**Task objective**. In the entries that follow, find the line containing "adidas Campus 00S Slides"; from there, copy every line exactly through the line containing "Escorts York York".

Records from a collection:
※ ※ ※

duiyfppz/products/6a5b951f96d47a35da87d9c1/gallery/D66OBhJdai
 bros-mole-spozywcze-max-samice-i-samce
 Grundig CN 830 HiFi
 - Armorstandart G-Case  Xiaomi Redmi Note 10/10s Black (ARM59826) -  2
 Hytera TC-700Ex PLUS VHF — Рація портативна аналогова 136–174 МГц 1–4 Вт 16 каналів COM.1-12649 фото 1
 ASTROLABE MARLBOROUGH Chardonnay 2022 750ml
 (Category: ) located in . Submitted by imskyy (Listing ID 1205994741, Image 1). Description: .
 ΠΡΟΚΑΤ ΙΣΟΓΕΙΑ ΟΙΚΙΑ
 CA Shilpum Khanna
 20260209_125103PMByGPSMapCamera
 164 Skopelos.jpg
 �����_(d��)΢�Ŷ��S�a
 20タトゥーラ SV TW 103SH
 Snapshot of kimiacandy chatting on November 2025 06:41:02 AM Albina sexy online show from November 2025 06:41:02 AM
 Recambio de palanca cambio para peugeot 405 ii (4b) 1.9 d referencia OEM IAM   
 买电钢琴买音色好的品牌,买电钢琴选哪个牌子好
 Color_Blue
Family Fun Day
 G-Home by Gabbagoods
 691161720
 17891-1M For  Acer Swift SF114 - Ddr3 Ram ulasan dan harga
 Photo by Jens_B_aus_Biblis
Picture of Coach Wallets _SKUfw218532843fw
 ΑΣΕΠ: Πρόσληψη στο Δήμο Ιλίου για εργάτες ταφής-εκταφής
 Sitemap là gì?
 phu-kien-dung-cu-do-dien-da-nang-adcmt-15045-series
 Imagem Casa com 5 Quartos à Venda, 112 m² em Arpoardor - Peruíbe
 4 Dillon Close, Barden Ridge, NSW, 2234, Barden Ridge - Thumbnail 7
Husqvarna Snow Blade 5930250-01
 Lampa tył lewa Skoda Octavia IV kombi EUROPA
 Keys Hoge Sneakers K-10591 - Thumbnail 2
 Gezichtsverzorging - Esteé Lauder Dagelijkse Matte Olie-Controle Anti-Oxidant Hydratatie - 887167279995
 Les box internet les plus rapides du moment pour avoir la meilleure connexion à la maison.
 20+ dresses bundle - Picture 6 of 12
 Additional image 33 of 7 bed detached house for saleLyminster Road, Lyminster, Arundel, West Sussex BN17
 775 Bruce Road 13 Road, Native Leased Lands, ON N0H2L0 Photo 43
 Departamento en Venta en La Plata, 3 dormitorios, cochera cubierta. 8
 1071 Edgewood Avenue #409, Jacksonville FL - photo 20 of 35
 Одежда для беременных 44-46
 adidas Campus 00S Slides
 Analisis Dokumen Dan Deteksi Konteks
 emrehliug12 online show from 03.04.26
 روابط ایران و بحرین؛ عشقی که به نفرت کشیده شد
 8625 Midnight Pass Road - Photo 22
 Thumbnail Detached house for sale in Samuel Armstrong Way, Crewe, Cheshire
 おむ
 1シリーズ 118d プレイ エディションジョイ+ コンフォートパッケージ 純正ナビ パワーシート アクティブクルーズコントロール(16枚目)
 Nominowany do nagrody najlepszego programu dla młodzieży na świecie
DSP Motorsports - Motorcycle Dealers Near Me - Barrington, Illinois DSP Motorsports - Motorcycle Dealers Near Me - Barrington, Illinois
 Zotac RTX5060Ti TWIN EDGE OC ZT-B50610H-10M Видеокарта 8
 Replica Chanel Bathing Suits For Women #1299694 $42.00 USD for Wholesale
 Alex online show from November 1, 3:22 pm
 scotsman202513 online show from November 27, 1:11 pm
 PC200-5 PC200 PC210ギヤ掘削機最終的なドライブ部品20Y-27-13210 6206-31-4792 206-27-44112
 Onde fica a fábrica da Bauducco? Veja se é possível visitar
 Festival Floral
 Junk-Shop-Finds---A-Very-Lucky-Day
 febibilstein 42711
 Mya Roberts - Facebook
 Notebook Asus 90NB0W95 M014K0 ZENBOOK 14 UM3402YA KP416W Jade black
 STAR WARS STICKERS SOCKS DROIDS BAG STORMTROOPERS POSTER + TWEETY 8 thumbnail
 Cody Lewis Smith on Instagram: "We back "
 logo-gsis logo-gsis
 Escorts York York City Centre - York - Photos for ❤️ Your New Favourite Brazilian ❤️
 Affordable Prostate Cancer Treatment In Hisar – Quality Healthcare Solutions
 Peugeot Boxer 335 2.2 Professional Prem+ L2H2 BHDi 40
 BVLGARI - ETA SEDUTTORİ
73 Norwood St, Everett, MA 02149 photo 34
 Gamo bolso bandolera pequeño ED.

※ ※ ※

**The completed task**.
 adidas Campus 00S Slides
 Analisis Dokumen Dan Deteksi Konteks
 emrehliug12 online show from 03.04.26
 روابط ایران و بحرین؛ عشقی که به نفرت کشیده شد
 8625 Midnight Pass Road - Photo 22
 Thumbnail Detached house for sale in Samuel Armstrong Way, Crewe, Cheshire
 おむ
 1シリーズ 118d プレイ エディションジョイ+ コンフォートパッケージ 純正ナビ パワーシート アクティブクルーズコントロール(16枚目)
 Nominowany do nagrody najlepszego programu dla młodzieży na świecie
DSP Motorsports - Motorcycle Dealers Near Me - Barrington, Illinois DSP Motorsports - Motorcycle Dealers Near Me - Barrington, Illinois
 Zotac RTX5060Ti TWIN EDGE OC ZT-B50610H-10M Видеокарта 8
 Replica Chanel Bathing Suits For Women #1299694 $42.00 USD for Wholesale
 Alex online show from November 1, 3:22 pm
 scotsman202513 online show from November 27, 1:11 pm
 PC200-5 PC200 PC210ギヤ掘削機最終的なドライブ部品20Y-27-13210 6206-31-4792 206-27-44112
 Onde fica a fábrica da Bauducco? Veja se é possível visitar
 Festival Floral
 Junk-Shop-Finds---A-Very-Lucky-Day
 febibilstein 42711
 Mya Roberts - Facebook
 Notebook Asus 90NB0W95 M014K0 ZENBOOK 14 UM3402YA KP416W Jade black
 STAR WARS STICKERS SOCKS DROIDS BAG STORMTROOPERS POSTER + TWEETY 8 thumbnail
 Cody Lewis Smith on Instagram: "We back "
 logo-gsis logo-gsis
 Escorts York York City Centre - York - Photos for ❤️ Your New Favourite Brazilian ❤️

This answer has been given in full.